> **Work to be completed**
In this exercise, retype exactly and only the lines from the top of the entries below through the line that holds "Waterlillies av Claude", omitting pictures.

> **Record set**

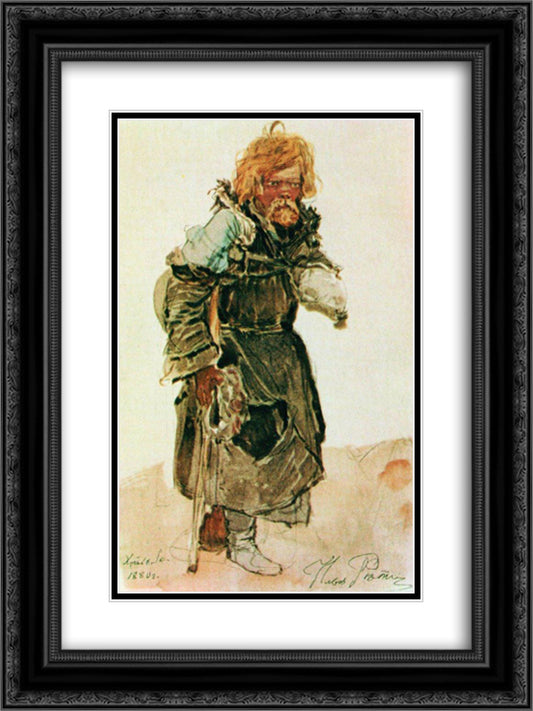 Pilgrim 18x24 Black Ornate Wood Framed Art Print Poster with Double Matting by Repin, Ilya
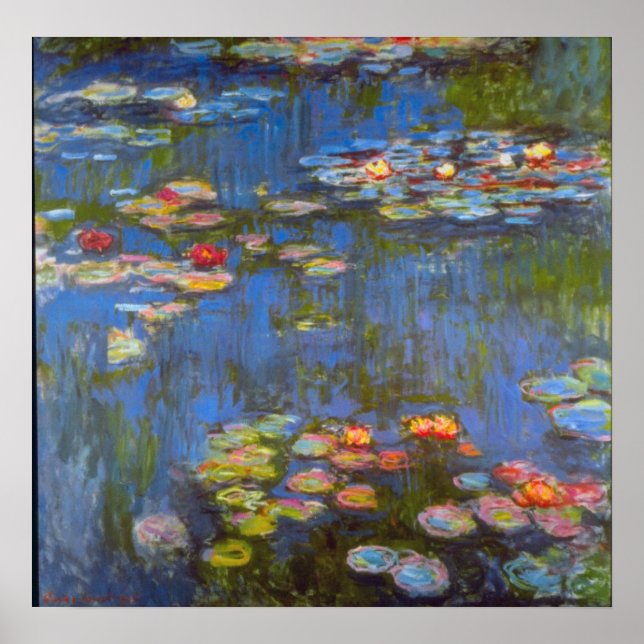 Waterlillies av Claude Monet Poster (Framsidan)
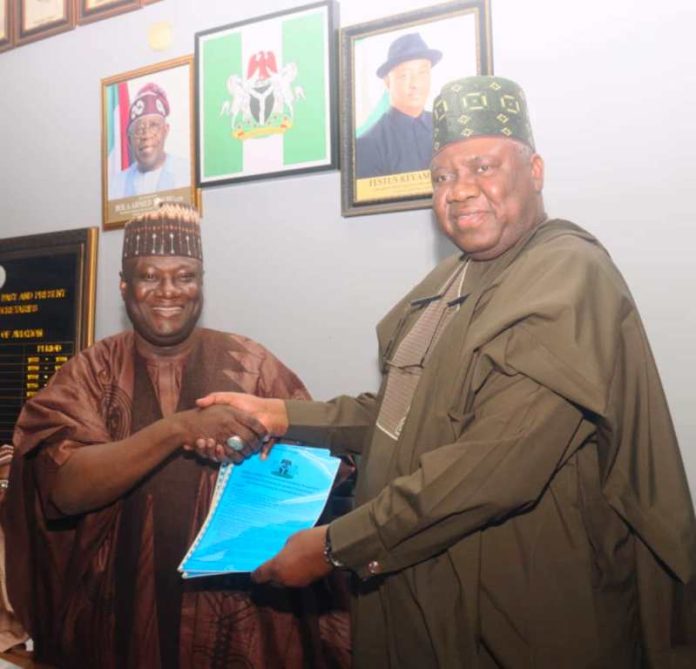 signing of the hand-over note From Left: The outgoing Permanent Secretary of the Federal Ministry of Aviation and Aerospace Development, Dr. Ibrahim Abubakar Kana mni and the incoming Permanent Secretary of the Federal Ministry of Aviation and Aerospace Development, Dr. Yakubu Adam Kofamata during the signing of the hand-over note at the Ministry.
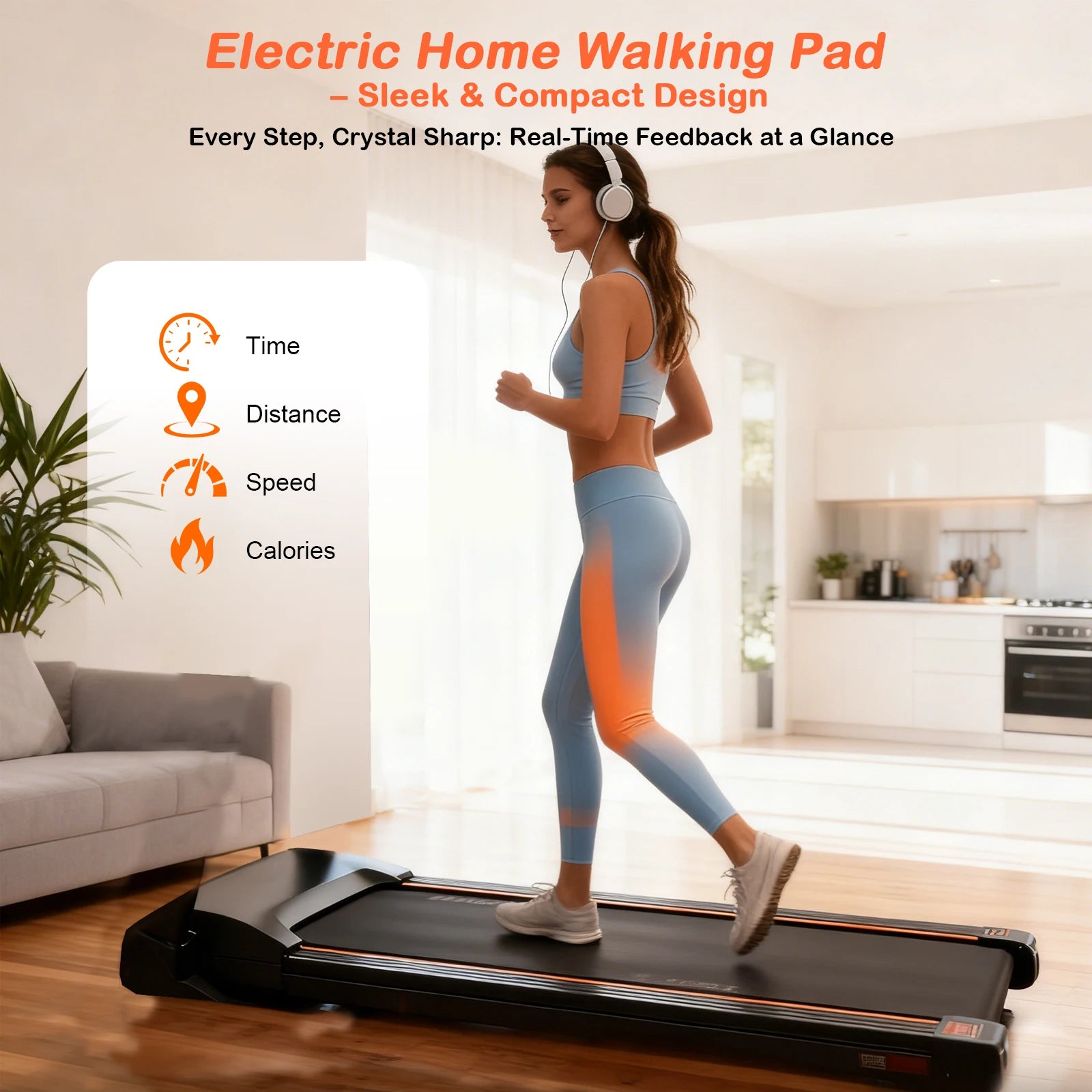 Slim Walking Pad Quiet Foldable, Non-Slip Belt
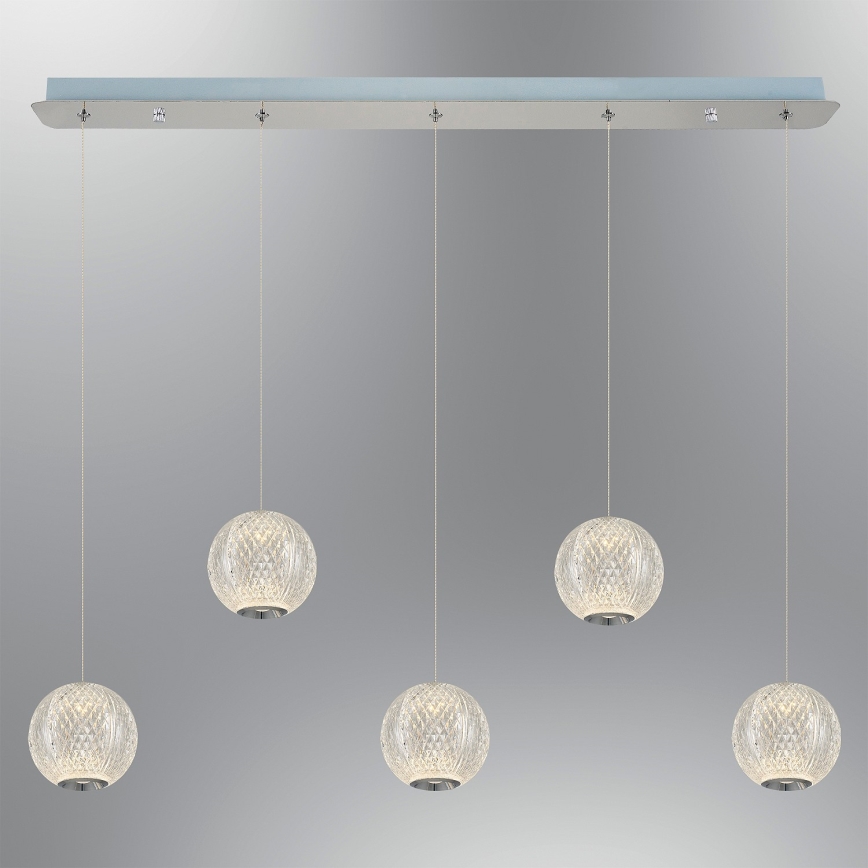LED Pendellampe CREMONA 5xLED/5W/230V 3000K mat chrome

> **Expected answer**
 Pilgrim 18x24 Black Ornate Wood Framed Art Print Poster with Double Matting by Repin, Ilya
 Waterlillies av Claude Monet Poster (Framsidan)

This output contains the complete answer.